Apesar de o Tribunal da Relação de Lisboa ter decido, em março de 2023, conceder mais prazos a José Sócrates para contestar eventuais nulidades da decisão que o levou a julgamento (em abril de 2021), a juíza de instrução Carla Marinho Pires declarou, esta semana, que não há nada para decidir.
Esta decisão abre a porta a que o julgamento do antigo primeiro-ministro e do amigo Carlos Santos Silva – pronunciados pelo juiz Ivo Rosa por crimes de falsificação de documentos e branqueamento de capitais – possa, de facto, iniciar-se, ainda que, segundo o acórdão do Tribunal da Relação de Lisboa, os arguidos tenham 120 dias para recorrer. Para o final deste mês, está prevista a revelação de um novo acórdão do TRL, que irá decidir se arguidos como Ricardo Salgado, Zeinal Bava, Henrique Granadeiro, entre outros, cujas suspeitas foram arquivadas, serão ou não julgados por corrupção.
O que está em causa?

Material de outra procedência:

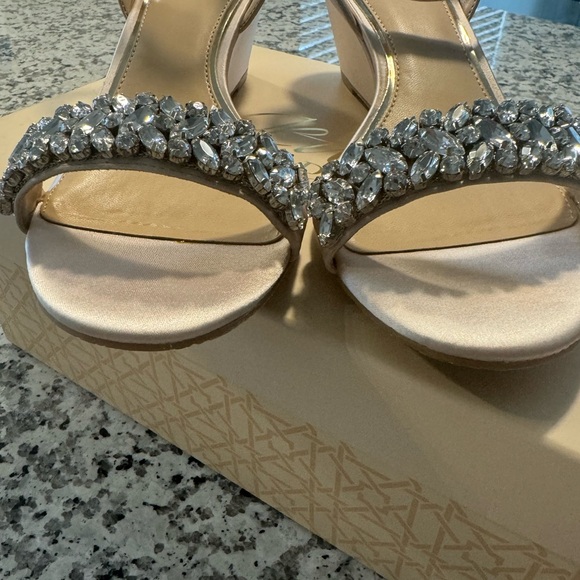 🌟Badgley Mischka Sandals 🌟Like new 🆕 - Picture 17 of 17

Em março de 2021, o TRL, num acórdão relatado pelo desembargador João Abrunhosa, decidiu que José Sócrates teria direito a 90 dias para contestar nulidades da decisão instrutória e mais 120 para recorrer, caso o juiz de instrução as indeferisse.
O problema é que esta decisão surgiu quase dois anos após o juiz Ivo Rosa ter decidido pronunciar José Sócrates e Carlos Santos Silva para julgamento e arquivar a restante parte da Operação Marquês, ao mesmo tempo que – por um lado – o Ministério Público tinha recorrido da tal parte arquivada (não pronúncia) e, tal como Sócrates e Santos Silva, contestado a alteração da narrativa feita pelo juiz Ivo Rosa à acusação, transformando o amigo do antigo primeiro-ministro em corruptor ativo e não passivo, como o MP o descrevia.
Certo é que, entre novembro e dezembro, as defesas de Carlos Santos Silva e José Sócrates entregaram no J2 do Tribunal Central de Instrução Criminal os respetivos requerimentos a contestar eventuais nulidades da decisão de Ivo Rosa.
Esta semana, a juíza Carla Marinho Pires, simplesmente recusou decidir, afirmando que o que o tal acórdão do TRL de Março de 2021 apenas prorrogou prazos “para recorrer e arguir nulidades e irregularidades” da decisão instrutória e não “se a decisão é recorrível ou passível daquelas arguições”.
Isto é, uma coisa é ter prazo para contestar nulidades, outra é se as mesmas são passíveis de serem contestadas. “A admissibilidade de tais pretensões há-de decidir-se se” se os arguidos interpuserem recursos ou arguirem irregularidades ou nulidades.. Tal entendimento pode fazer com que, mesmo que os arguidos apresentem recurso, a juíza não os aceite, porque não há nada para recorrer.
Sendo assim, prosseguiu a magistrada judicial, “entende-se não ser a decisão passível de arguição das acima referidas nulidades/irregularidades, por estas já terem sido apreciadas por este tribunal, mostrando-se assim esgotado o poder jusrisdicional deste tribunal”, concluiu a magistrada.
José Sócrates foi acusado no processo Operação Marquês pelo MP, em 2017, de 31 crimes, designadamente corrupção passiva, branqueamento de capitais, falsificação de documentos e fraude fiscal, mas na decisão instrutória, em 09 de abril de 2021, o juiz Ivo Rosa decidiu ilibar José Sócrates de 25 dos 31 crimes, pronunciando-o para julgamento por três crimes de branqueamento de capitais e três de falsificação de documentos.